Make me a match . . .
Make me a match . . .
Find me a find . . .
Catch me a catch . . .
In a remote spot on the grounds of the National Zoo, in a low-rise brick office building, research scientist Jon Ballou sits with a computer full of personal data on the world’s 333 captive giant pandas.
Birth dates. Locations. Who was born in the wild. Who was born in captivity. Who begat whom. And, most important, who might be best — or worst — to have more baby pandas.
He is the panda matchmaker, if you will. He even has a “stud book,” although now it’s digital. It’s filled with tables, numbers and rankings.
Never mind the physical profiles: Heavyset. Black and white fur. Poor posture, and manners. Favorite food, bamboo.
Ballou’s interested in genes. He can tell you which pandas would be most suitable, genetically, to mate with which.
Mei was artificially inseminated on Sunday and Monday after she and Tian Tian failed to mate on their own, the zoo said.
The two have produced only one cub, Tai Shan, in the 10 years they have been at the zoo. If no cub is forthcoming this year, China has agreed to consider replacements. China owns and leases all giant pandas in U.S. zoos.
The zoo has said it wants panda cubs in Washington and has focused intense research on panda reproduction.
The research shows that the chances of Mei becoming pregnant after years of failed attempts is low. Ballou said statistics suggest that Mei, 13, has a less than 10 percent chance.

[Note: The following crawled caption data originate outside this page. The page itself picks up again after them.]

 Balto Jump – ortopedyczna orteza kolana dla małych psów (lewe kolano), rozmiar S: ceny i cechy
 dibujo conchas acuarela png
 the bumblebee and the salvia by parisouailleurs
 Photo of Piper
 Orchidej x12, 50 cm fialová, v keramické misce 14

Tian Tian, 14, has problems, too. He has proved to be a clueless breeder with flawed technique. Plus, his genes are not that valuable because his father has sired dozens of offspring in the captive population.

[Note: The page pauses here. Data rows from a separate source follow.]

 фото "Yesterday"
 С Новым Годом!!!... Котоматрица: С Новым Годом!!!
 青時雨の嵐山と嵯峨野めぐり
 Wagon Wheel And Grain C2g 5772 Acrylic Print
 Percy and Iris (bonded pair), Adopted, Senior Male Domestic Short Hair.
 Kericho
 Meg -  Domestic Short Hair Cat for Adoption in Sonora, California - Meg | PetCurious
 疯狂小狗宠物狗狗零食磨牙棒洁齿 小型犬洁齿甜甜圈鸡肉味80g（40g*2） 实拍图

Ballou said both pandas ought to be replaced.
“Genetically, it would be best if we got a whole new pair,” he said. “If she can’t breed, and he’s from an overrepresented gene line, why not just start again? Get a couple of young pandas, (of) reproductive ages” and begin anew.

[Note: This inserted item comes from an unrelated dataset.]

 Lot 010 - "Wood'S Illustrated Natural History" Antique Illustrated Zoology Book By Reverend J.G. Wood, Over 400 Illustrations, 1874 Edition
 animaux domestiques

Short of that, Ballou said it would be best to get a new female. “If she’s not going to breed, then she’s genetically dead,” he said in an interview last week.
Ballou said his research is aimed at avoiding panda inbreeding.
“We’re trying to keep the captive population with as much genetic diversity as we can, ” he said as he sat in his office.
Inbreeding can pass along genetic mutations that could lead to potential health problems, he said. No such problems are known in the panda population so far, Ballou said, and experts would like to keep it that way.
As of last November, there were 333 in captivity around the world, mostly in China, according to a report co-authored by Ballou. Twenty-five cubs were born last year, and eight pandas died. A good target population is 500, according to the report.
Each panda gets a number and goes into the stud book.
The book also tracks where a panda has been moved over its lifetime and notes its death.